A Fortune 300 Financial Company located in the North East USA ported their CPU code (C/C++) to CUDA and this enabled them to speed up the necessary financial calculations. Their primary objective was to reduce the time taken to run this code. Before porting to CUDA, they required ten to twelve hours to run the entire code. After porting to CUDA, they were able to do the same work in about 30 minutes.
The Client has several C/C++ programmers in their team and they trained many of them to use CUDA. Their code used CUDA to speed up a calculation using Monte Carlo methods to analyze various scenarios in their hedge-fund projection system (HPS). The major portion of their calculations was carried out on independent policies and thus the entire process was ideal for parallel programming (no communication bottlenecks).
The CPU code was slow and this was holding them back. Because the code took the entire night to run, they were not able to run several different scenarios and take corrective action based on the results of the code. The primary reason to move to GPUs was to speed up the calculations.
The Client invested heavily into building CPU+GPU clusters relying on AMAX. They had the code running on four compute nodes, with four GPUs on each node. Each GPU was an NVIDIA K20X. The code ran on 16 GPUs. They were in the process of installing an even bigger system, with 64 total GPUs.
Our initial plan was adjusted as the project progressed, and we identified key areas that needed improvement. The first couple of weeks were somewhat tricky because we were not able to get a working version of the codebase that was representative of the code they were actually running. This was because the code was in a very active state of development and integration on their side.
We made several suggestions to improve the efficiency of the codebase, but most of these were minor improvements.

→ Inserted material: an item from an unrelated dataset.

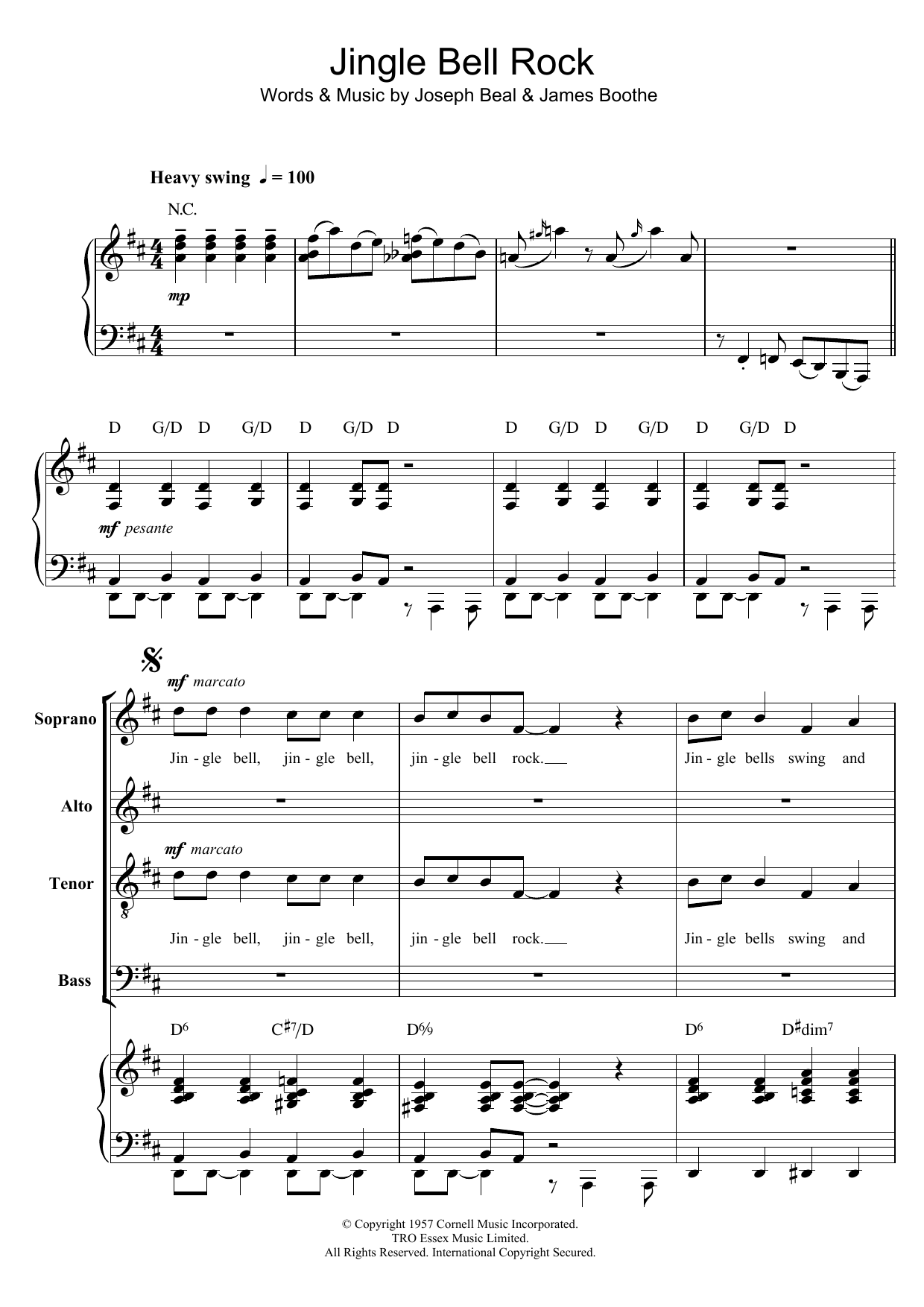 Chubby Checker Jingle Bell Rock (arr. Berty Rice) sheet music notes and chords arranged for SATB Choir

There were two levels of parallelism in the code—at the kernel level (GPU CUDA code) and the cluster level (MPI). One of the really useful suggestions we made was relevant at the MPI level, where we suggested they organize their policies in a random manner to distribute the computing load in a more uniform manner. This led to a major efficiency increase. This suggestion was immediately implemented by their engineers. Another useful contribution we made was to stress-test their code to get an estimate of how many more policies they could handle. This was really simple to do but was a big hit within the company.
At the beginning of the project, we were unable to access a working version of their code. Additionally, we were not able to access their machines from our laptops. Both of these challenges were overcome in the following week and no significant adjustments to the original plan were required.
The final deliverable consisted of a detailed technical report covering six modules of our assessment of the Client's HPS, including the following system reviews: code base, performance and optimization, fault tolerance, scalability, compatibility with emerging CUDA trends, and disaster recovery. We also delivered an executive summary of our findings suitable for higher management.
The Client had already developed the code base for their HPS. They engaged ArrayFire to obtain an expert assessment of their work and to get a "stamp of approval" that the code will work as intended and is of sufficiently good quality. We successfully delivered on all objectives. Our assessment and findings were fully documented in nearly 100 pages of detailed technical reports and slide modules. These contained a wealth of significant benchmarks and visuals related to the code base and our assessment of their HPS.
The Client was extremely satisfied with our input and suggestions. We met or exceeded their expectations in all project objectives and deliverables.